Restorative Justice ist ein Ansatz, der auf Begegnung und Veränderung statt Strafe setzt. Ziel ist es, die durch ein Verbrechen entstandenen Folgen zu verarbeiten. Der Kreisdialog bringt Betroffene von Straftaten, Täter und Vertreter*innen der Gesellschaft in einem strukturierten, sicheren Rahmen ins Gespräch. Der Kreisdialog fördert Empathie, Verantwortungsübernahme und neue Perspektiven, auf beiden Seiten.

Voraussetzung für die Teilnahme ist freiwilliges Engagement, keine strafrechtlichen Vorteile, keine instrumentellen Motive. In bis zu fünf getrennten Vorbereitungstreffen reflektieren Inhaftierte und Betroffene und Personen der Gesellschaft ihre Erlebnisse, Erwartungen und ihre Sicht auf Kriminalität. Erst danach erfolgt die gemeinsame Begegnung aller Beteiligten in einem geschützten Raum der JVA, beispielsweise in der Kapelle, begleitet von einem multiprofessionellen Team. Moderiert werden alle Projektdurchläufe von Daniela Hirt, der externen Expertin für Restorative Justice.

„Ich war aufgeregt. Ich wusste nicht, was auf mich zukommt. Doch dann wurde aus Konfrontation ein echter Dialog.“ (Teilnehmer (Betroffener))

Fünf Betroffene (u. a. Opfer von Raub und versuchtem Totschlag) und vier Inhaftierte (darunter Verurteilte wegen Raub, Körperverletzung und Mord) begegneten sich im vergangenem Projektdurchlauf  2022/23 in Bielefeld-Brackwede. Die Erfahrungen waren intensiv und transformierend: Betroffene fühlten sich erstmals gehört, konnten offene Fragen klären und ein Stück Selbstwirksamkeit zurückgewinnen. Die Inhaftierten erlebten durch die Opferperspektive eine emotionale Auseinandersetzung mit ihrer Tat, was zu einem veränderten Denken führte.

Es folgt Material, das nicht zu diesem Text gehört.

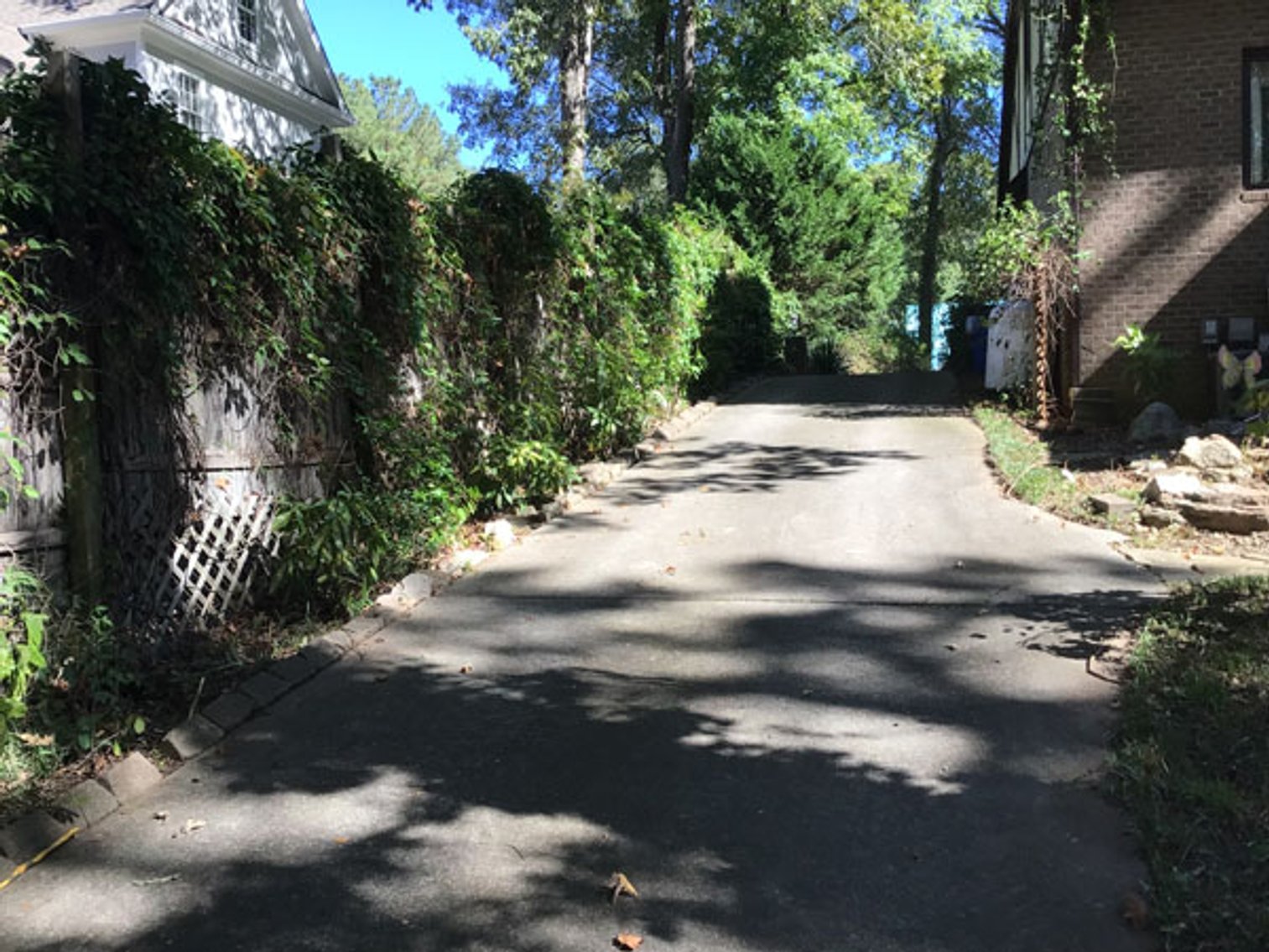 Image for Gorgeous Custom Built Home in Keith Hills!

Die anschließende Nachbereitung zeigte: Alle Teilnehmenden gewannen individuelle Einsichten, viele sprachen von Entlastung, Vertrauen und der Möglichkeit, Rollen zu hinterfragen. Die Rückmeldungen bestätigen: Das Restorative Justice-Projekt wirkt auf vier Ebenen:

  • Für Betroffene: Perspektivwechsel, Entstigmatisierung, emotionale Verarbeitung
  • Für Inhaftierte: Verantwortungsübernahme, Empathie, Resozialisierung
  • Für die Gesellschaft: Abbau von Vorurteilen, Prävention, Dialogförderung
  • Für den Strafvollzug: innovative Resozialisierungsmaßnahme, Stärkung des Behandlungsauftrags, Verbesserung des Anstaltklimas

„Ich habe begriffen, dass ich nicht nur ein Gesetz verletzt habe, sondern einen Menschen.“ (inhaftierter Teilnehmer)

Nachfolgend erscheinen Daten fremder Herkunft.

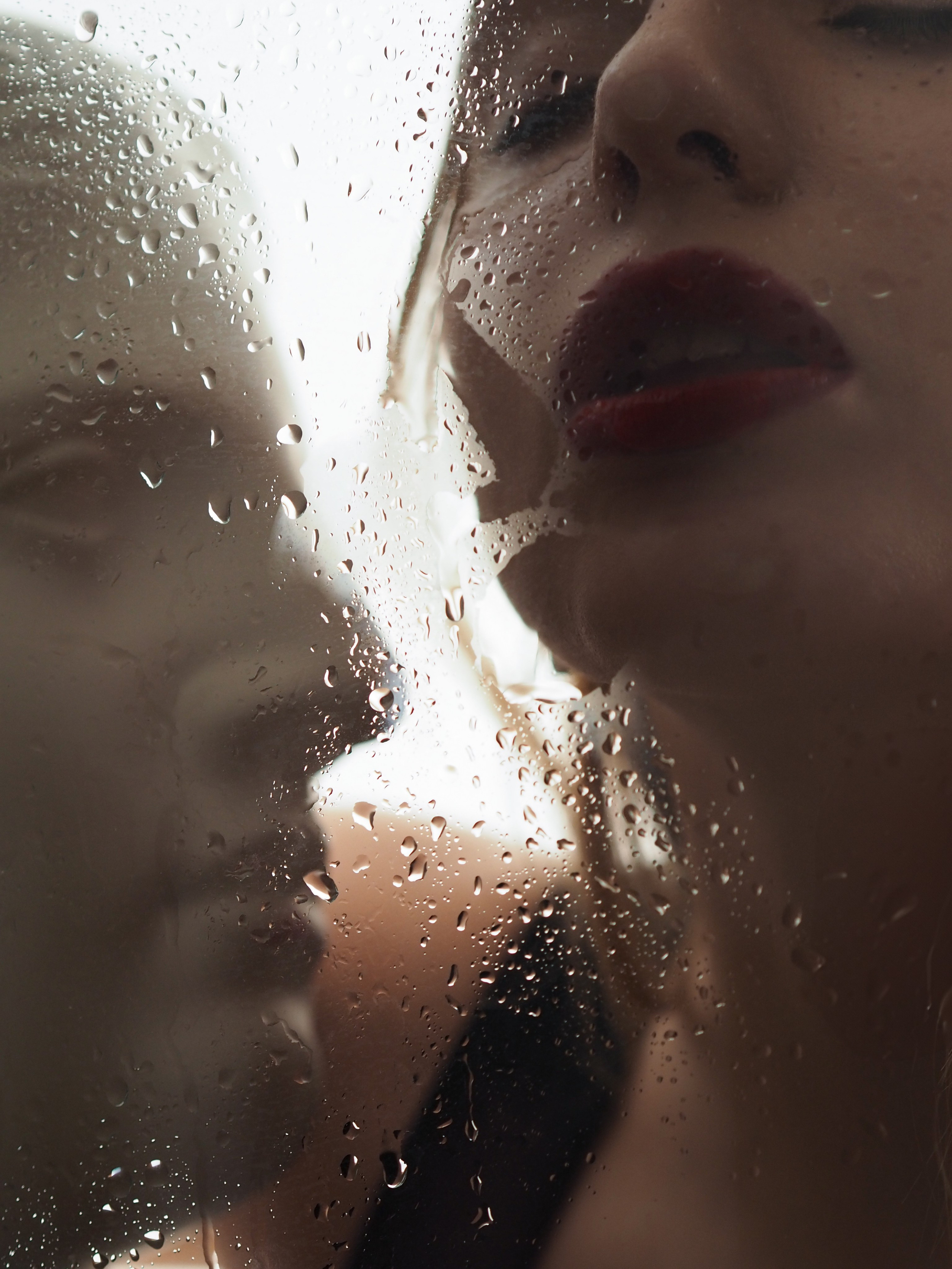 Грань. Beauty фотограф в Москве Евгения Сизова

Die rechtlichen Grundlagen für Restorative Justice-Maßnahmen wie den „Täter-Opfer-Kreis“ existieren bereits, in Nordrhein-Westfalen ebenso wie in vielen anderen Bundesländern. Auf europäischer Ebene betont die Venedig-Erklärung (2021) sogar ein „Recht auf Restorative Justice“. Doch noch sind Projekte wie „Betroffenenorientiertes Arbeiten im Strafvollzug“ Ausnahmen. Die bisherigen Restorative Justice-Kreisdialoge in Gefängnissen zeigen eindrucksvoll: Mit fachlicher Begleitung, sorgfältiger Vorbereitung und institutioneller Unterstützung ist dieser Weg möglich und wirksam.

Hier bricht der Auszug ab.